*Exercise:*
The expected output is an exact copy of each line from the line with "2 Euro Erasmus" through the end of the data below, with no pictures in it.

The data Start Marker

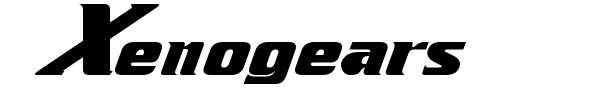 Xenogears font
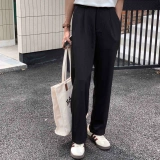 Летние ретро штаны, дизайнерские повседневные брюки, свободный прямой крой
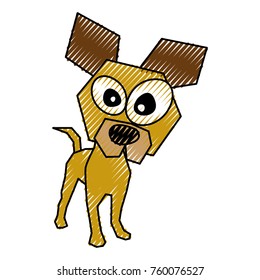 scribble funny doggy cartoon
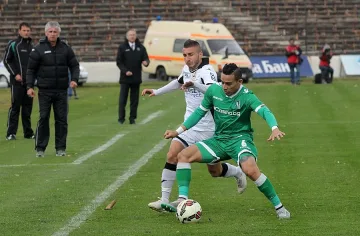 "Лудогорец" взе трудна победа от "Славия"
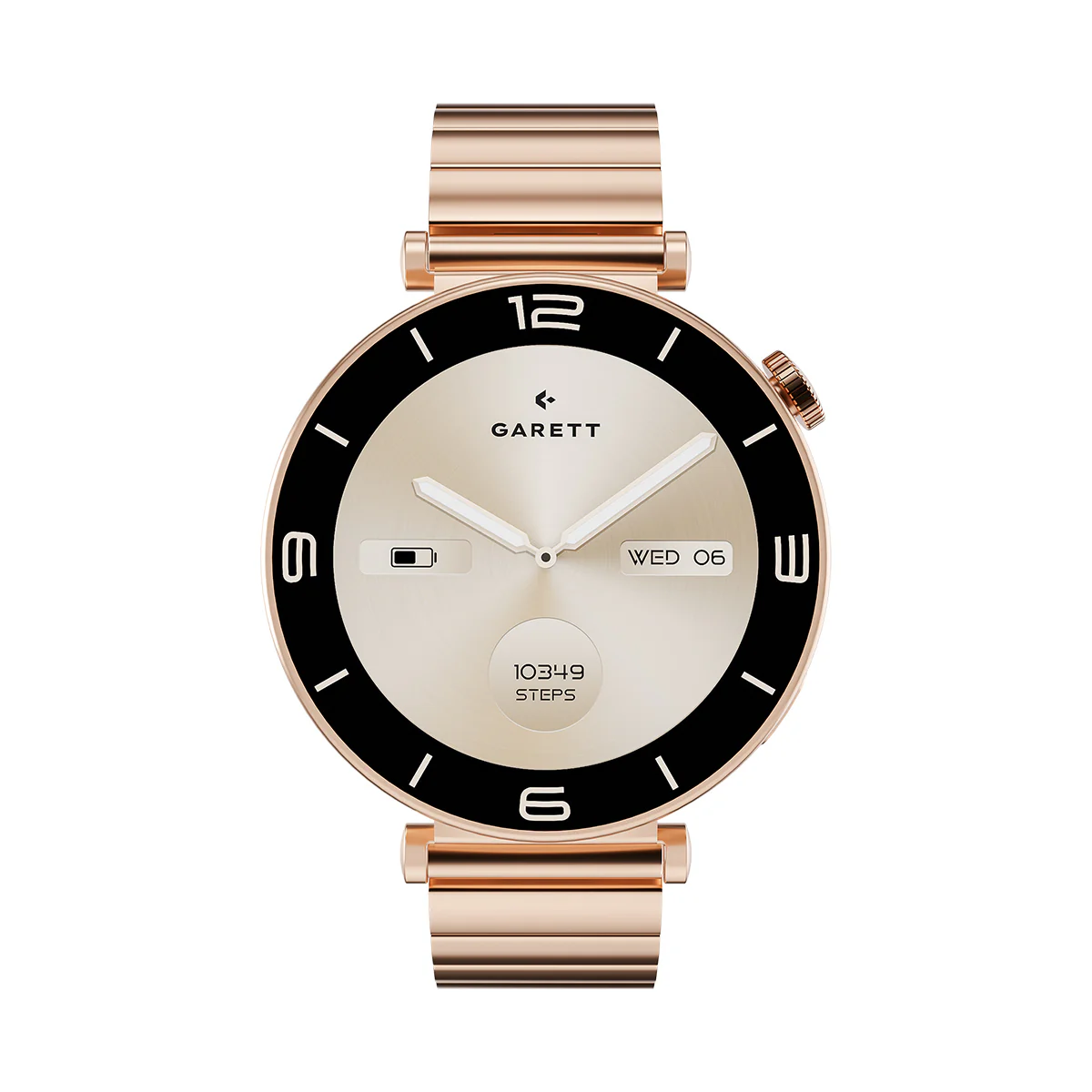 Smartwatch na różowej bransolecie - Garett Rose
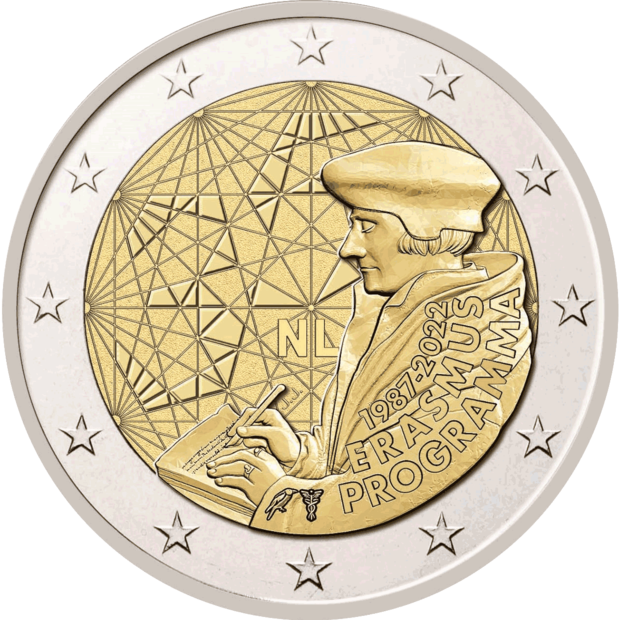 2 Euro Erasmus - Niederlande 2022 - Muenzen.eu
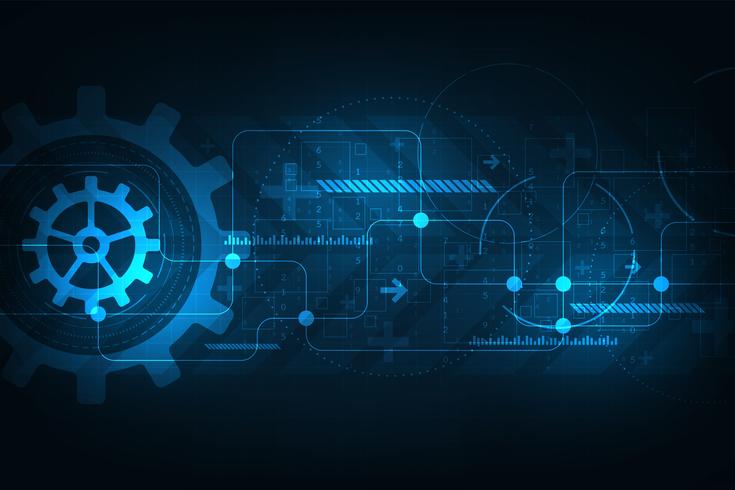 Technology and information about mechanical. vector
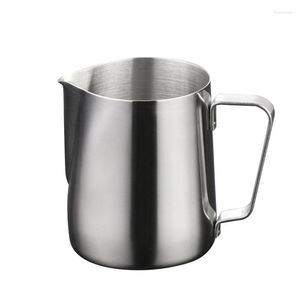 Cups Saucers 150/350/600ml Milk Jugs Fashion Stainless Steel Craft Frothing Pitcher Coffee Latte Art Jug Mug Cup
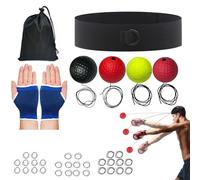 Bola de reacción para boxeo, pelota rápida montada en la banda, entrenamiento para niños adultos, herramienta para ejercicios de fitness | Magic Reflex Game, juego de 4 pelotas de deporte de intrat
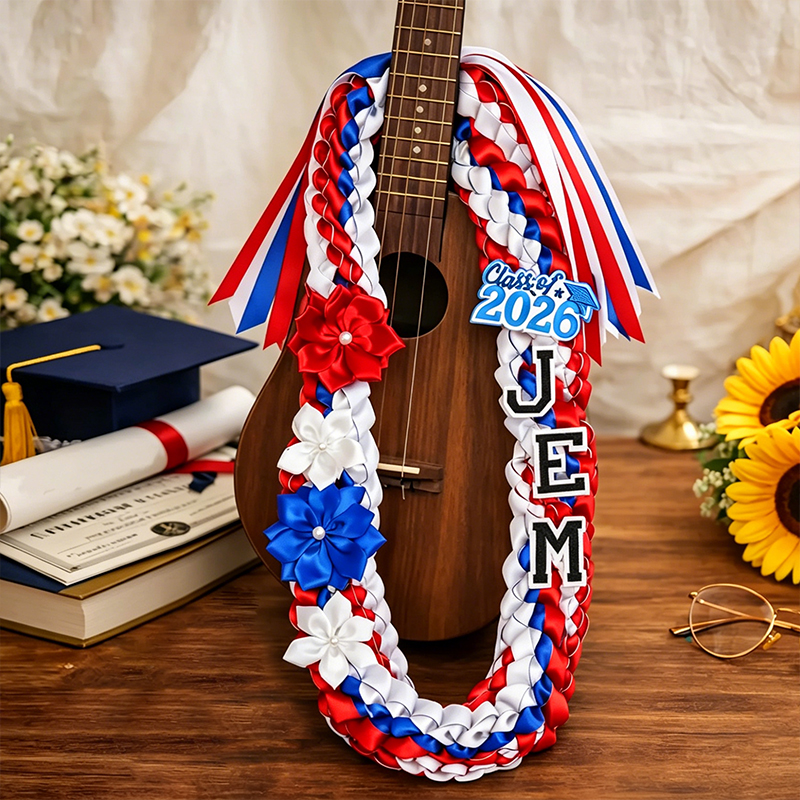 Personalized Name Double-braided Ribbon Wreath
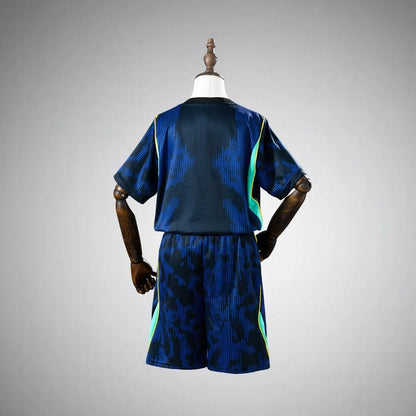 2026 Brazil Away Kids Size Kit from FootballPrestige.shop - Premium Concept kits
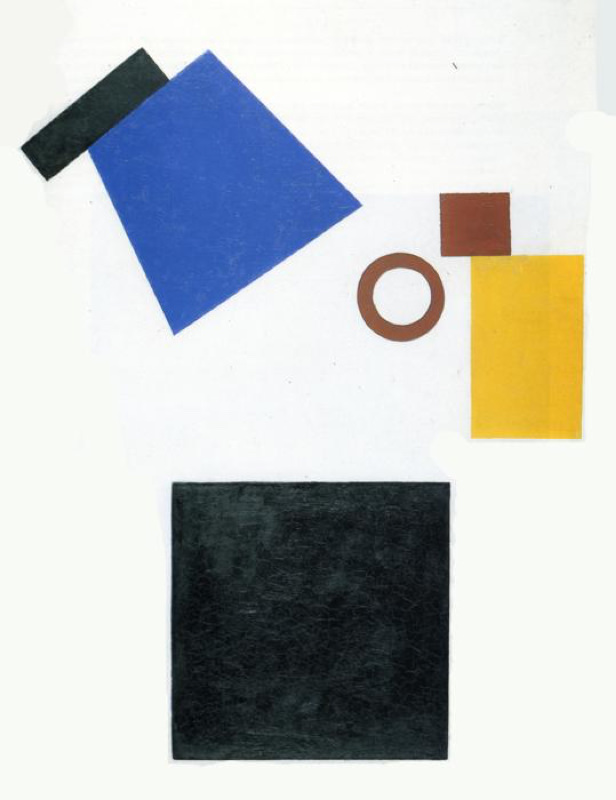 Peinture sur toile, reproduction de Malevich, Suprématisme - Autoportrait en deux dimensions qualité musée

The data End Marker

*Solution to this task:*
 2 Euro Erasmus - Niederlande 2022 - Muenzen.eu
 Technology and information about mechanical. vector
 Cups Saucers 150/350/600ml Milk Jugs Fashion Stainless Steel Craft Frothing Pitcher Coffee Latte Art Jug Mug Cup
 Bola de reacción para boxeo, pelota rápida montada en la banda, entrenamiento para niños adultos, herramienta para ejercicios de fitness | Magic Reflex Game, juego de 4 pelotas de deporte de intrat
 Personalized Name Double-braided Ribbon Wreath
 2026 Brazil Away Kids Size Kit from FootballPrestige.shop - Premium Concept kits
 Peinture sur toile, reproduction de Malevich, Suprématisme - Autoportrait en deux dimensions qualité musée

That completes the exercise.